Input data —

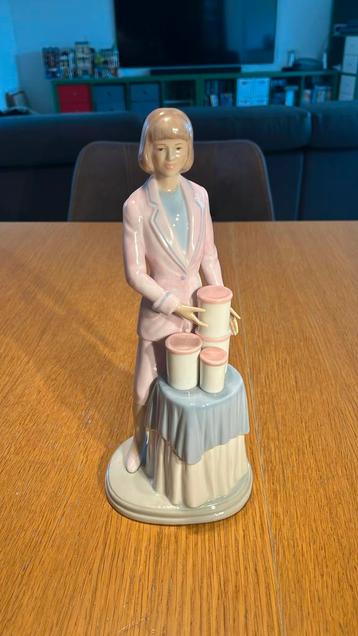 Tupperware demonstratrice porselein  beschikbaar voor biedingen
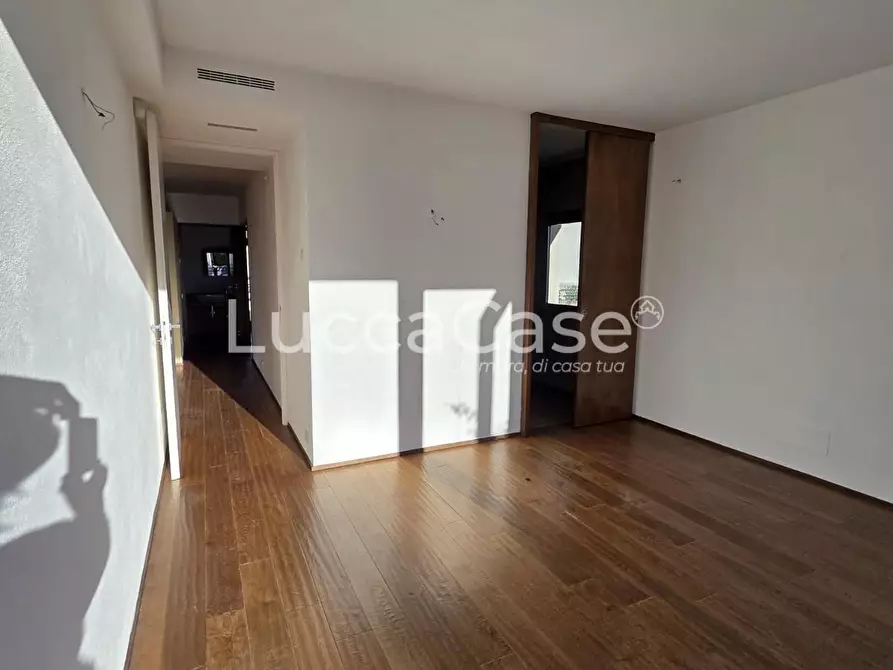 Immagine 14 di Villa in vendita  a Camaiore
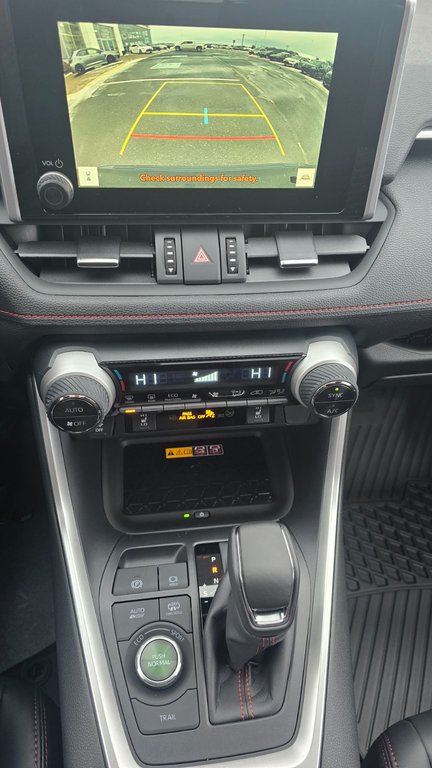 Toyota RAV4 Plug-In Hybrid XSE 2025 à Grand-Sault, Nouveau-Brunswick - 14 - w1024h768px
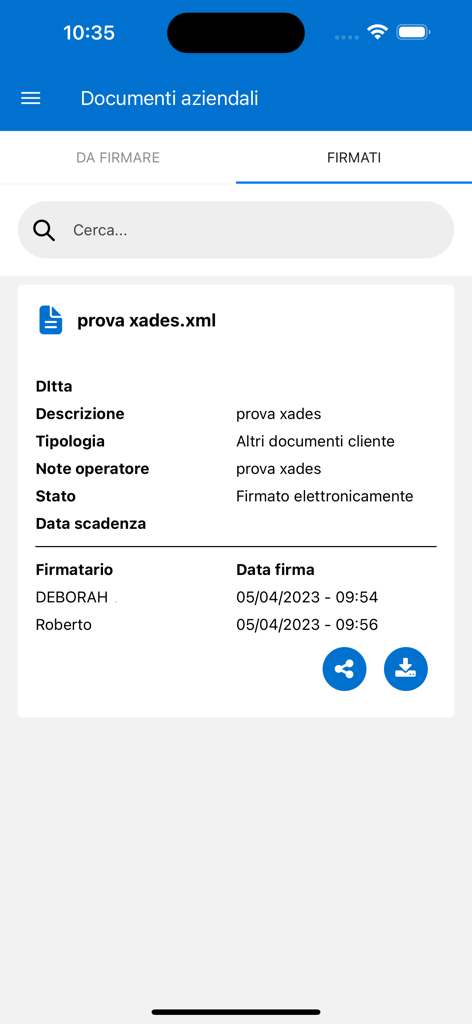 eSign - Écran mobile montrant un document commercial signé avec des horodatages de signature dans l'application eSign.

Problem to work on — Your task is to repeat, word for word and with no picture, every line from the one that contains "Toyota RAV4 Plug-In" through the last line of the data.

Solved problem —
 Toyota RAV4 Plug-In Hybrid XSE 2025 à Grand-Sault, Nouveau-Brunswick - 14 - w1024h768px
 eSign - Écran mobile montrant un document commercial signé avec des horodatages de signature dans l'application eSign.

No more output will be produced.